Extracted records
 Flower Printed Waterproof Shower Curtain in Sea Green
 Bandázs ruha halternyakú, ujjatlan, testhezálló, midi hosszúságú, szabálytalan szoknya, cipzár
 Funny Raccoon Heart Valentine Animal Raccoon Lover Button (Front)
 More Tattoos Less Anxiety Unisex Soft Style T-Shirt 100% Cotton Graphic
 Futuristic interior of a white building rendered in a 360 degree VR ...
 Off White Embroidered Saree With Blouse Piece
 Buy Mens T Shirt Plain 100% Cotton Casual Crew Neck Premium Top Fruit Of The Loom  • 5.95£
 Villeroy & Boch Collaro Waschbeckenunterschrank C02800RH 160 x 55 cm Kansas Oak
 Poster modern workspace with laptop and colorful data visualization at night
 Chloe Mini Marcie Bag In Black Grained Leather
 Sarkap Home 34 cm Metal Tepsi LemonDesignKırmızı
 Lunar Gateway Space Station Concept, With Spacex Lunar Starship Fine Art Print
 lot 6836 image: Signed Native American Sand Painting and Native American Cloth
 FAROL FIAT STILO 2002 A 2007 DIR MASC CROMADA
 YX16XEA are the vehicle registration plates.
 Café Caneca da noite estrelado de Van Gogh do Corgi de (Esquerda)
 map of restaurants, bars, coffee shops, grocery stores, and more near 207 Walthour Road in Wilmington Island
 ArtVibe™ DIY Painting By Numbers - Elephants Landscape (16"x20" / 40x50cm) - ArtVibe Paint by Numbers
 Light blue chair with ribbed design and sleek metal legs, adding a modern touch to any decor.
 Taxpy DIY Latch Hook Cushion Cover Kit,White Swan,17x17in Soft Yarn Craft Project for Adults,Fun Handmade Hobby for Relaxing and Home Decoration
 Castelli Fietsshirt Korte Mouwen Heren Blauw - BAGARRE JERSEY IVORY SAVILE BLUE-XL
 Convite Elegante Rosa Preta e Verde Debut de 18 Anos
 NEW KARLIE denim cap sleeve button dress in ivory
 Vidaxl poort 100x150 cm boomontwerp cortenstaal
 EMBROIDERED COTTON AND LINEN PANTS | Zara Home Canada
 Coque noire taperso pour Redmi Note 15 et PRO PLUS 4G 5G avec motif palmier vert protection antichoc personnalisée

WHAT IS NEEDED
Beginning at the first line of the data above, retype each line until you reach the line containing "Futuristic interior of", and include that one too. Add nothing else.

EXERCISE ANSWER
 Flower Printed Waterproof Shower Curtain in Sea Green
 Bandázs ruha halternyakú, ujjatlan, testhezálló, midi hosszúságú, szabálytalan szoknya, cipzár
 Funny Raccoon Heart Valentine Animal Raccoon Lover Button (Front)
 More Tattoos Less Anxiety Unisex Soft Style T-Shirt 100% Cotton Graphic
 Futuristic interior of a white building rendered in a 360 degree VR ...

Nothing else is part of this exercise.